There’s so much more, you can’t really understand the full beauty of parenting someone with autism unless you do it yourself.  Yes, it’s hard times a million but if you can’t take the bad with the good, if all you see in that your child is hard, if all you think about the negative, how lost will you be?  What will your child’s self esteem be like?  Children with autism aren’t unintelligent, they are amazing at knowing what’s going on in your head.  They might not understand when you make a negative face but they feel your emotions about them.  Sometimes I’ll have a question in my head, should I make chicken or pasta for dinner?  Silas will answer me without me asking it verbally.  They’re more than meets the eyes, there’s so much glorious beauty bottled up in their little, floppy bodies…I almost cannot stand it!!!

What makes parenting YOUR child amazing?

 

12 comments

  1. I feel tortured with all those beautiful pictures of Silas….I just want to see him and have one of those great conversations with him….oh yes!! Again let me say what wonderful parents you both have been . Love Roselle

  2. I can really relate to the part about celebrating every little achievement. As you know, things that come so easily to neurotypical kids are a struggle for our blessed little ones. Cameron struggles to write anything. His grasp on his pencil has always been weak and almost ineffective. He is in an autism support classroom, where they have helped him to come far with his writing. When he writes his name on a card or a note for me, tears come to my eyes, because I know the effort it took to produce those letters.
    The first time he got off of his van and said, “My foat hurts,” I cried for joy. I said, “Your foat hurts? That’s great!”
    The driver must have thought I’d lost my mind, but it was his first reality conversation, and my heart was so full.

      1. It’s amazing how the “little things” are no longer the “little things” when it comes to Autism. Every stride is a blessing, each time they step out of their comfort zone, it touches a special part of our hearts.
        This little person has a special place in my heart. He has shown me what a truer and deeper love can really mean.

    1. Sometimes I feel sad that he struggles with things that others take for granted. A friend of mine was bragging that her daughter is about 5 (I think), and writes so well. I felt a bit of sadness, because my little Cameron has such a difficult time just writing his name.
      But when I compare how he was two years ago, before the Autism Support classroom, I see how far he has come, how much he has changed. They have done great things with him. I am so proud of my little boy!

      1. Silas really struggled with the pincer grip too, it took him a while.
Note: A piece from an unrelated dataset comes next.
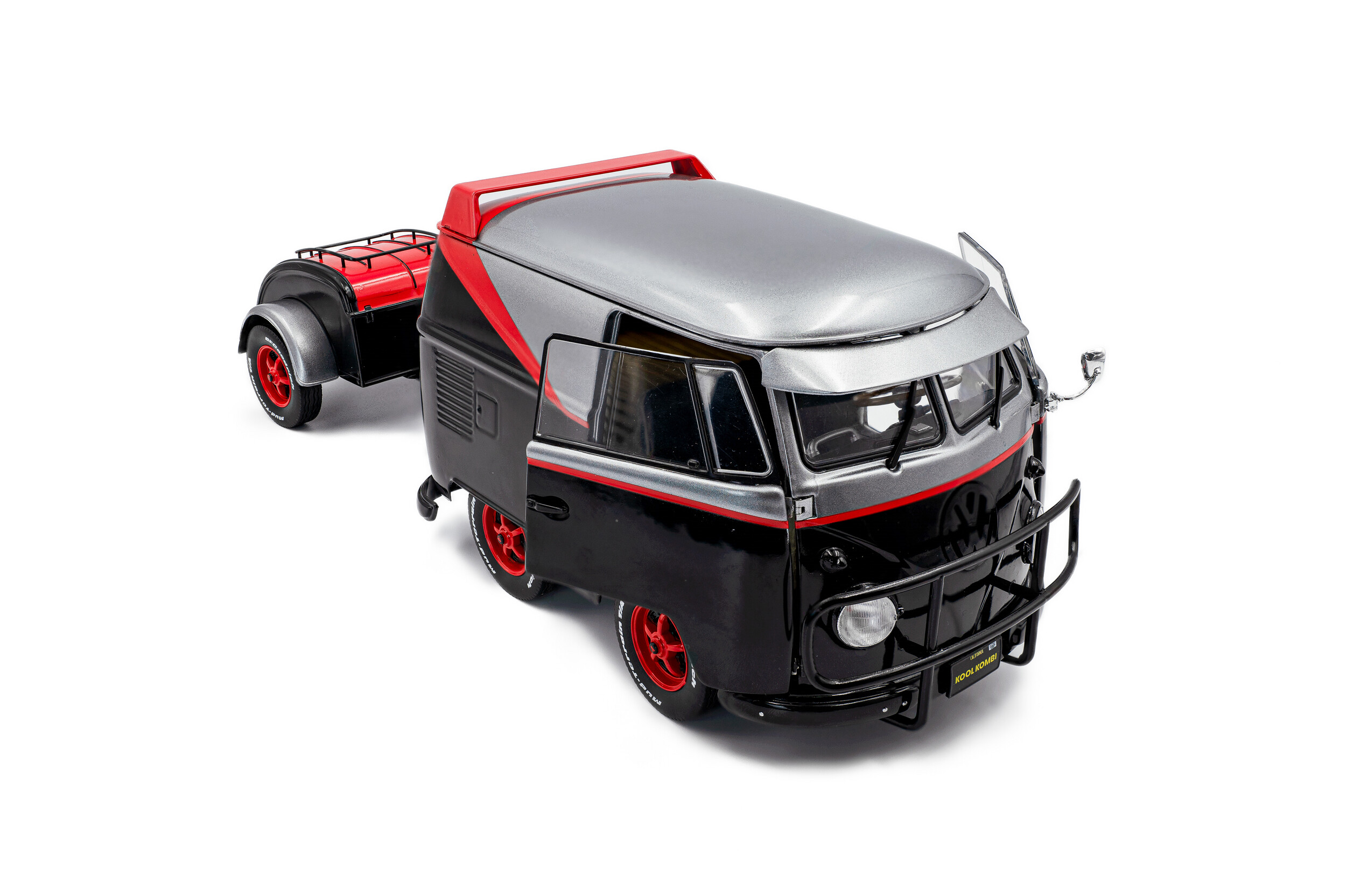 COOL COMBI - SPORT - 2024 - Solido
It’s really hard sometimes to not make comparisons to other kids. Just remember that typing is what he will mostly do anyways and that it WILL come, it really will.
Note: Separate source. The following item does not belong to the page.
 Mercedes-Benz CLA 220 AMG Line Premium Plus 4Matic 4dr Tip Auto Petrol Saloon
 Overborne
        1. You are very encouraging. I appreciate your positive outlook. I too try to be positive. I am more blessed than stressed. If you are on Facebook, you may feel free to look me up.

          1. I tried but there’s a lot of people with your name on Facebook, if you like my fan page (same name) then I’ll be able to find you easier 🙂

            It’s good to stay positive, positive thoughts do so much more good than worrying about the negative.

          2. I found your page on FB and “liked” it. I also included a comment. You should be able to find both my personal page and my author page now. It’s good to stay connected with like-minded and open-hearted people.